* What the task requires *
Each line from the start of the data below through the one containing "фото 2 Конструктор" must be reproduced exactly.

(Records from a dataset)
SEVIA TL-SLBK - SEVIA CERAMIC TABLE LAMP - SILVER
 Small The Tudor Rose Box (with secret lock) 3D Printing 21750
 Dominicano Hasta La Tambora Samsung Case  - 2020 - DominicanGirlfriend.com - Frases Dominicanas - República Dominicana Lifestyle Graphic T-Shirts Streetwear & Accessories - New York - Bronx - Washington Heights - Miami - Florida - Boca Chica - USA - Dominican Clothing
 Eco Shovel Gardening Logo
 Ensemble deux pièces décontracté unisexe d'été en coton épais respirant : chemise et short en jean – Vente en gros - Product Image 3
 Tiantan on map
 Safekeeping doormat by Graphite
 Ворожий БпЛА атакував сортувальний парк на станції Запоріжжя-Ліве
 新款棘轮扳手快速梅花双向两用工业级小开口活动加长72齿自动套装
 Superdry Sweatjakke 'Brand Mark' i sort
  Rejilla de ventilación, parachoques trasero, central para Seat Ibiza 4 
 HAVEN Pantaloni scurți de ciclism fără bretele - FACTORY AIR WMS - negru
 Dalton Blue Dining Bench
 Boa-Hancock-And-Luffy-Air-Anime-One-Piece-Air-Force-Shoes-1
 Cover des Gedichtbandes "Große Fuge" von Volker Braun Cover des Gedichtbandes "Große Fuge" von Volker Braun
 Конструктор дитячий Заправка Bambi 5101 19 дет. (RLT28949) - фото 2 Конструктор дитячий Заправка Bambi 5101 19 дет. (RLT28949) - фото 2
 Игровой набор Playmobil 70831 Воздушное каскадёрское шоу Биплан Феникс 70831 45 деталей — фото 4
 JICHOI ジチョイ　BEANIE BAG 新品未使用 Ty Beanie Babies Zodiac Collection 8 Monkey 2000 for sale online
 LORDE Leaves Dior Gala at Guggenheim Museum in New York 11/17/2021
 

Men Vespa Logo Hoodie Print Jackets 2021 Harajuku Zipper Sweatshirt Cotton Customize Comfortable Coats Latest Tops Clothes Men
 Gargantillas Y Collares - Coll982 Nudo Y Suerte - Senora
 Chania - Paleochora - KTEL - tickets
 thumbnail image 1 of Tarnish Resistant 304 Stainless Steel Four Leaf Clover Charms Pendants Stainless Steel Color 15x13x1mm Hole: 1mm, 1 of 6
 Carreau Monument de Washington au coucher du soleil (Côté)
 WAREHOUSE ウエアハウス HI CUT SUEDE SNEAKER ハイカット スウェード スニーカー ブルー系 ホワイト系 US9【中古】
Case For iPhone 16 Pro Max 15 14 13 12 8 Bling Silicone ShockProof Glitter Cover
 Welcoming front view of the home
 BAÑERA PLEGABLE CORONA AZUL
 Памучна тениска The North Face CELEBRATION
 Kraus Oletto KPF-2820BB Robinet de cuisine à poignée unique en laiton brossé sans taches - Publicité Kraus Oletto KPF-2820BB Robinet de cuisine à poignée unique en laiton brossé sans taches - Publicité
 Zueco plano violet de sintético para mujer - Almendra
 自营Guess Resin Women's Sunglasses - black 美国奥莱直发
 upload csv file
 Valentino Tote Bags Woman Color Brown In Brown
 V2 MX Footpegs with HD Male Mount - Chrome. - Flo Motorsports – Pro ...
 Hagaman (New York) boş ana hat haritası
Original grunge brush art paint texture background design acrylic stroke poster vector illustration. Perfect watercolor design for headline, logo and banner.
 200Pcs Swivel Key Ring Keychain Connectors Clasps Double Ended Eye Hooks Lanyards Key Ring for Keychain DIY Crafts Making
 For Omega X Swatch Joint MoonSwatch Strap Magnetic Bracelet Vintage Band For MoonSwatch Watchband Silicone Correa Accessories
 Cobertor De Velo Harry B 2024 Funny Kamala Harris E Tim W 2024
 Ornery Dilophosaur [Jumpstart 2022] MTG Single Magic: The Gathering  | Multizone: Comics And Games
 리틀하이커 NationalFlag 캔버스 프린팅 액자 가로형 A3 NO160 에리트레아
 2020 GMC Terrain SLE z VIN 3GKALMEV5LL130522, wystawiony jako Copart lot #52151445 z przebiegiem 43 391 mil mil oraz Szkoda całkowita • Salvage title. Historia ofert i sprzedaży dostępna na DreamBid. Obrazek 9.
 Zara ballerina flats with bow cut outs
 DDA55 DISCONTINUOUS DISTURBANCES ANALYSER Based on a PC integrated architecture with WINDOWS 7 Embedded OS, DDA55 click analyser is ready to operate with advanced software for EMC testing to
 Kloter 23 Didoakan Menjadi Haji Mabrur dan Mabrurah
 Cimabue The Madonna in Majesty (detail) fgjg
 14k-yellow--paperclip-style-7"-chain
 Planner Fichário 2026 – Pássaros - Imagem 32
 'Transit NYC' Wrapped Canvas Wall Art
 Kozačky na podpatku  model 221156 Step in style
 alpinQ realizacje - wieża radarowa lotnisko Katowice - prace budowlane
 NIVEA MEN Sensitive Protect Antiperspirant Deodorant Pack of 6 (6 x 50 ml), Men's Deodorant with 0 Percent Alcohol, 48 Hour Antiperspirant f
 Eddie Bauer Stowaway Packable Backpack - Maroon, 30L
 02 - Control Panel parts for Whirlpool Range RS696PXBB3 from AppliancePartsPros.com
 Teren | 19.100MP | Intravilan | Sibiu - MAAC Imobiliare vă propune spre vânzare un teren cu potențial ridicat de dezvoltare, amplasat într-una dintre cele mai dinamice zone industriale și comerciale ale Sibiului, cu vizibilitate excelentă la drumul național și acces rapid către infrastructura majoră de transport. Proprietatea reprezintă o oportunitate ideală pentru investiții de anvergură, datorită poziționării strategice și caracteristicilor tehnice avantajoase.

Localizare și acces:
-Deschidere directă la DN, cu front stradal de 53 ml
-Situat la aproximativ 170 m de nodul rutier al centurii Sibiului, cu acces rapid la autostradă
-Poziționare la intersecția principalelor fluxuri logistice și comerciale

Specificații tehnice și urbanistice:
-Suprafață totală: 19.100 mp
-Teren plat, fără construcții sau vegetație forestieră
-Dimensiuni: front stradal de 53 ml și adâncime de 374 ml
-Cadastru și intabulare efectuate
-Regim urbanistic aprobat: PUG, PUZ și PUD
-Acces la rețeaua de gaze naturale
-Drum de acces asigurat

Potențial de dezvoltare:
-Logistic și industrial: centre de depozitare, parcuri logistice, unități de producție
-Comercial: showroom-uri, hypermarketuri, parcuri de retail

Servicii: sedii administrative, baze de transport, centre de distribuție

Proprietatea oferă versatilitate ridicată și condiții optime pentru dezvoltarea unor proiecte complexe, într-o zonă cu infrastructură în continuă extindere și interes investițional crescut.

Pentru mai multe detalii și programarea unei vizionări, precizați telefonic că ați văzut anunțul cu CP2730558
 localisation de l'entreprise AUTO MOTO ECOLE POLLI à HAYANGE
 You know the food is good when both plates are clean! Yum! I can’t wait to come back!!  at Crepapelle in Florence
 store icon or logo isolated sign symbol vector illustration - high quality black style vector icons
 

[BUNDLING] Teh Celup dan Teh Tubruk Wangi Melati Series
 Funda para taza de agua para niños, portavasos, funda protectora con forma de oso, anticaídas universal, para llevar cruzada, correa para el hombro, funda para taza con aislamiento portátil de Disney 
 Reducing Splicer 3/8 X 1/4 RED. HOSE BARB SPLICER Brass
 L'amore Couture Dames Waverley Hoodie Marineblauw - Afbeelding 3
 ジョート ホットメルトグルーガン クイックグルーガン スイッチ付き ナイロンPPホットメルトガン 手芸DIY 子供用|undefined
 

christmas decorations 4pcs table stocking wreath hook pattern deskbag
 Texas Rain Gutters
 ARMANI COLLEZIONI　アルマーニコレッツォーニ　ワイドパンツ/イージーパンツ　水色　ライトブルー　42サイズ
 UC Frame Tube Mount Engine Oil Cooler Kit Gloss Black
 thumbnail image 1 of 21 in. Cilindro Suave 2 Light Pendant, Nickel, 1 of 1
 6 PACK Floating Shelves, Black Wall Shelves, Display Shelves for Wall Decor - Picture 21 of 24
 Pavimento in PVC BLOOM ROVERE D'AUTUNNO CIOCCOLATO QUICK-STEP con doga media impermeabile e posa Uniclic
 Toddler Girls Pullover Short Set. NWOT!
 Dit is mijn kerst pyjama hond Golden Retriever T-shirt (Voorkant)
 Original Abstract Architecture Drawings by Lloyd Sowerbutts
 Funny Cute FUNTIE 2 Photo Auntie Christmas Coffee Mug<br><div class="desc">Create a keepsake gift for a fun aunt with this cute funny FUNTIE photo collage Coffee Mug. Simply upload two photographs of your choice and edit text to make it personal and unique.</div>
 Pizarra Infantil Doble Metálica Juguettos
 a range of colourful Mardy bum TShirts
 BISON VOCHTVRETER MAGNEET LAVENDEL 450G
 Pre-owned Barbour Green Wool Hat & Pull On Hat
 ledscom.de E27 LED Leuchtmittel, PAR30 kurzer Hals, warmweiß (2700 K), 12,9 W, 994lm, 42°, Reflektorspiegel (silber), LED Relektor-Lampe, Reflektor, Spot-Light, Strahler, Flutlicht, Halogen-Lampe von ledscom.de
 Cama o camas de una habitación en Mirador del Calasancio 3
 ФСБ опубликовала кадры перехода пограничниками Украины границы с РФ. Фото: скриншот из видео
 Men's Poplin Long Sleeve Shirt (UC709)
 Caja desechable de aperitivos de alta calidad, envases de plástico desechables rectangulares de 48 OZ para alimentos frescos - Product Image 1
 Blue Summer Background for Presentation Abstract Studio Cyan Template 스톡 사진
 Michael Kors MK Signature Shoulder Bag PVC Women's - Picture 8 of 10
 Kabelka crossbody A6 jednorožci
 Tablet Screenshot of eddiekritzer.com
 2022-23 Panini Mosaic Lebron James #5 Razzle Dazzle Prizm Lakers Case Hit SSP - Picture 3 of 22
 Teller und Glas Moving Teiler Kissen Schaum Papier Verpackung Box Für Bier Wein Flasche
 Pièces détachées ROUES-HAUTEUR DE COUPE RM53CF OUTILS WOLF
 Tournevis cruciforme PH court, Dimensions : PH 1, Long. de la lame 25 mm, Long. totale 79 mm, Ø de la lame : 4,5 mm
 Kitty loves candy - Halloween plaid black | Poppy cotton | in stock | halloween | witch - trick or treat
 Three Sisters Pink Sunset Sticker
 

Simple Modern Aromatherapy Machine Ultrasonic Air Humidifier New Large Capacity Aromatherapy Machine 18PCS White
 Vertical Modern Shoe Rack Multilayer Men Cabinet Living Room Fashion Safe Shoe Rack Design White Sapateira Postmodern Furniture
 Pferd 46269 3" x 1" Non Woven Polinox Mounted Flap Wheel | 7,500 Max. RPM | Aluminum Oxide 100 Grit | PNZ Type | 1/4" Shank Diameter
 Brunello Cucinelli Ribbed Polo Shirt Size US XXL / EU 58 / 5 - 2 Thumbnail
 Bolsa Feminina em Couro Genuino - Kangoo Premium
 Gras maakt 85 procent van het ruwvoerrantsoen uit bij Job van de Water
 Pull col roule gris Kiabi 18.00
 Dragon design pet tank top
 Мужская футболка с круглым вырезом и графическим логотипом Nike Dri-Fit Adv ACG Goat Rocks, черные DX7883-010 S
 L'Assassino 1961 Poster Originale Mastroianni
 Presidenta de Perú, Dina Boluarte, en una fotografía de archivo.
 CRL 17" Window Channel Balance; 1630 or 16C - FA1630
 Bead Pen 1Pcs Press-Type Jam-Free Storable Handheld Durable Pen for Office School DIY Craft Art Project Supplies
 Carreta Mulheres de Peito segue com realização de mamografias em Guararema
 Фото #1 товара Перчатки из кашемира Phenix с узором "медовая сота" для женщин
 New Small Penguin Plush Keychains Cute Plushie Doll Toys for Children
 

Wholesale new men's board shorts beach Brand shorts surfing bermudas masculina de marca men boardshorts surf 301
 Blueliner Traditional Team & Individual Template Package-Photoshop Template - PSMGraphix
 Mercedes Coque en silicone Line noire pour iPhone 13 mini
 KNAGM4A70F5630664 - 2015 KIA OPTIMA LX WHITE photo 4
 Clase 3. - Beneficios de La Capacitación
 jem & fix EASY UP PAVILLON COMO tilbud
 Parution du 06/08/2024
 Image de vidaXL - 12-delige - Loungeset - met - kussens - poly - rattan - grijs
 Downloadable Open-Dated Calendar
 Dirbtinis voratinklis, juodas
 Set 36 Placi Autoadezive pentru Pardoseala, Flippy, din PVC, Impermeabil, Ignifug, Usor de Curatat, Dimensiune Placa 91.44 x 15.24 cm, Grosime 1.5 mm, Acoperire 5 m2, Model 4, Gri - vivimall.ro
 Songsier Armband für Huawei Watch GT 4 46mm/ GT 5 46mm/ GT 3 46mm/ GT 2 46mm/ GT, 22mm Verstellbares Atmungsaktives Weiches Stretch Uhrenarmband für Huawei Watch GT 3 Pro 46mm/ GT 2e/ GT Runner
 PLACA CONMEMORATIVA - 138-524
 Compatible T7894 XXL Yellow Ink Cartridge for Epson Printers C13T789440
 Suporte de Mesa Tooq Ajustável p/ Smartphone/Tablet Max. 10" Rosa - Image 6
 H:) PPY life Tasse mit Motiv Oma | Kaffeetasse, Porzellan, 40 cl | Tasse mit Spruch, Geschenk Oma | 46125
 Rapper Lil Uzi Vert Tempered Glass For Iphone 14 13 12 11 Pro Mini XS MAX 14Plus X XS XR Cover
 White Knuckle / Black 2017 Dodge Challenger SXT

* Completed exercise *
SEVIA TL-SLBK - SEVIA CERAMIC TABLE LAMP - SILVER
 Small The Tudor Rose Box (with secret lock) 3D Printing 21750
 Dominicano Hasta La Tambora Samsung Case  - 2020 - DominicanGirlfriend.com - Frases Dominicanas - República Dominicana Lifestyle Graphic T-Shirts Streetwear & Accessories - New York - Bronx - Washington Heights - Miami - Florida - Boca Chica - USA - Dominican Clothing
 Eco Shovel Gardening Logo
 Ensemble deux pièces décontracté unisexe d'été en coton épais respirant : chemise et short en jean – Vente en gros - Product Image 3
 Tiantan on map
 Safekeeping doormat by Graphite
 Ворожий БпЛА атакував сортувальний парк на станції Запоріжжя-Ліве
 新款棘轮扳手快速梅花双向两用工业级小开口活动加长72齿自动套装
 Superdry Sweatjakke 'Brand Mark' i sort
  Rejilla de ventilación, parachoques trasero, central para Seat Ibiza 4 
 HAVEN Pantaloni scurți de ciclism fără bretele - FACTORY AIR WMS - negru
 Dalton Blue Dining Bench
 Boa-Hancock-And-Luffy-Air-Anime-One-Piece-Air-Force-Shoes-1
 Cover des Gedichtbandes "Große Fuge" von Volker Braun Cover des Gedichtbandes "Große Fuge" von Volker Braun
 Конструктор дитячий Заправка Bambi 5101 19 дет. (RLT28949) - фото 2 Конструктор дитячий Заправка Bambi 5101 19 дет. (RLT28949) - фото 2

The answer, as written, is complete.